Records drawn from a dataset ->
# # #
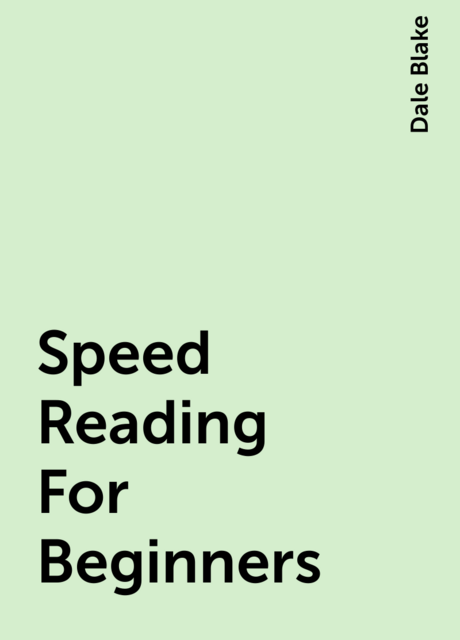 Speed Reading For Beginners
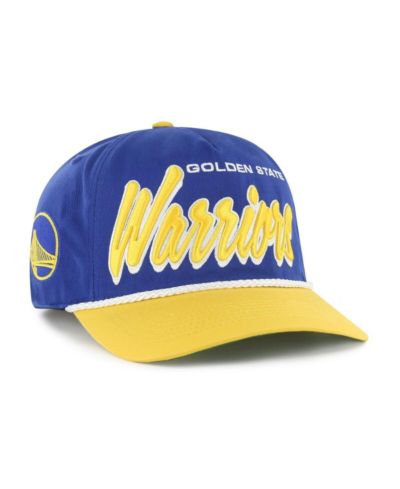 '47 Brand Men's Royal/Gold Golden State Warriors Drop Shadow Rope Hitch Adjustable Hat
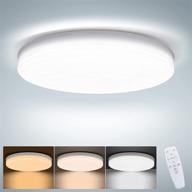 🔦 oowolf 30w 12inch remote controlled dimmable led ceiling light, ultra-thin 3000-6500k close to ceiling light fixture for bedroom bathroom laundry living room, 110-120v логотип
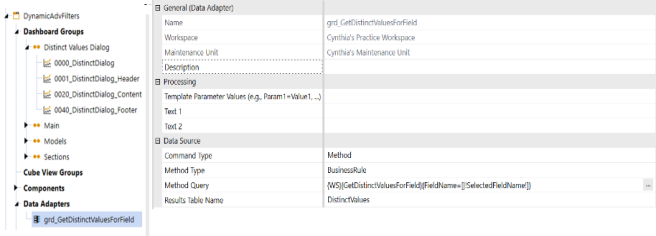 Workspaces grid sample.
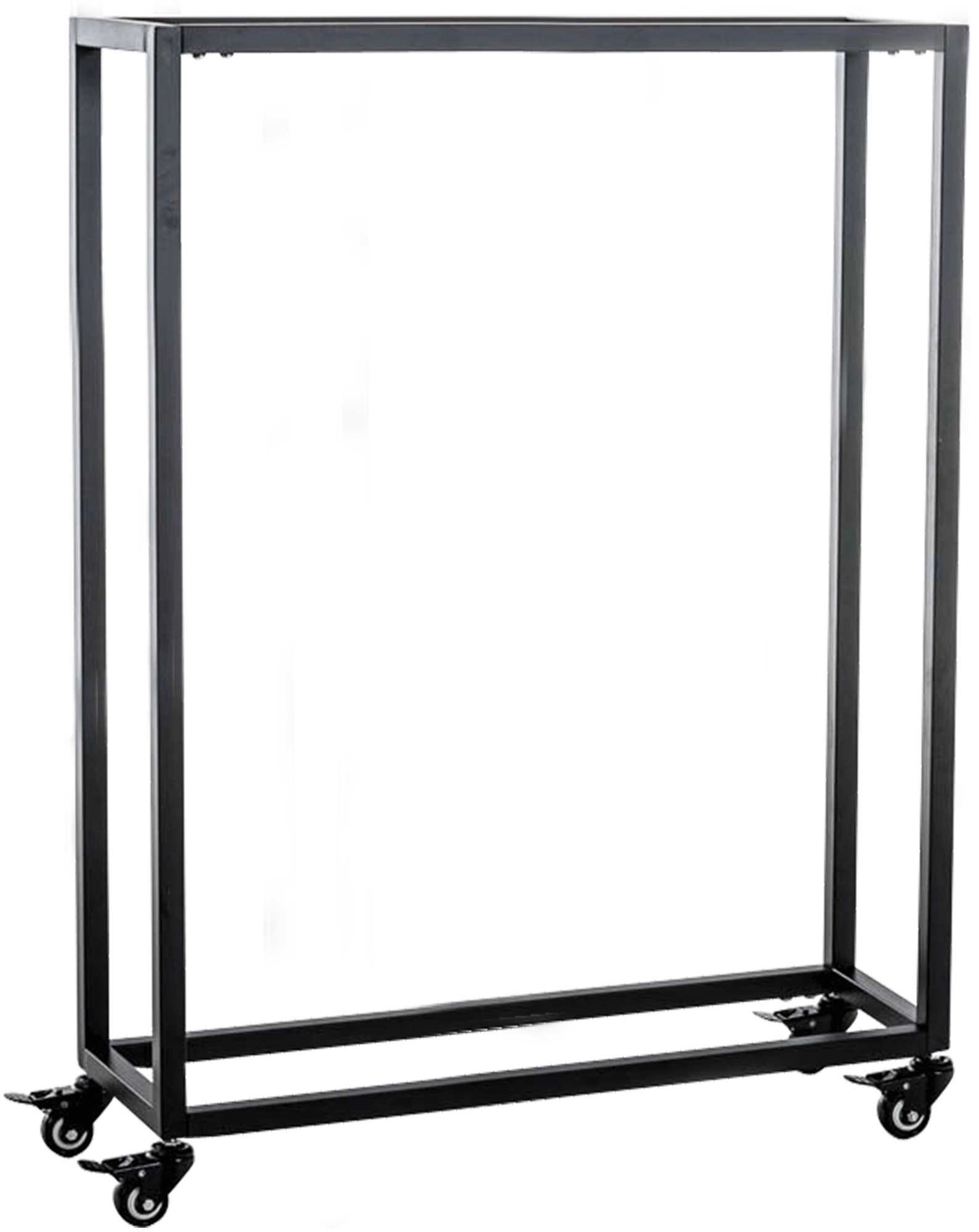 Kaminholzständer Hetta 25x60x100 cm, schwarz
# # #
Task to complete ->
An exact copy of the lines from the one with "Workspaces grid sample." through the end of the records: produce that and nothing more, leaving out the pictures.

Task output ->
 Workspaces grid sample.
 Kaminholzständer Hetta 25x60x100 cm, schwarz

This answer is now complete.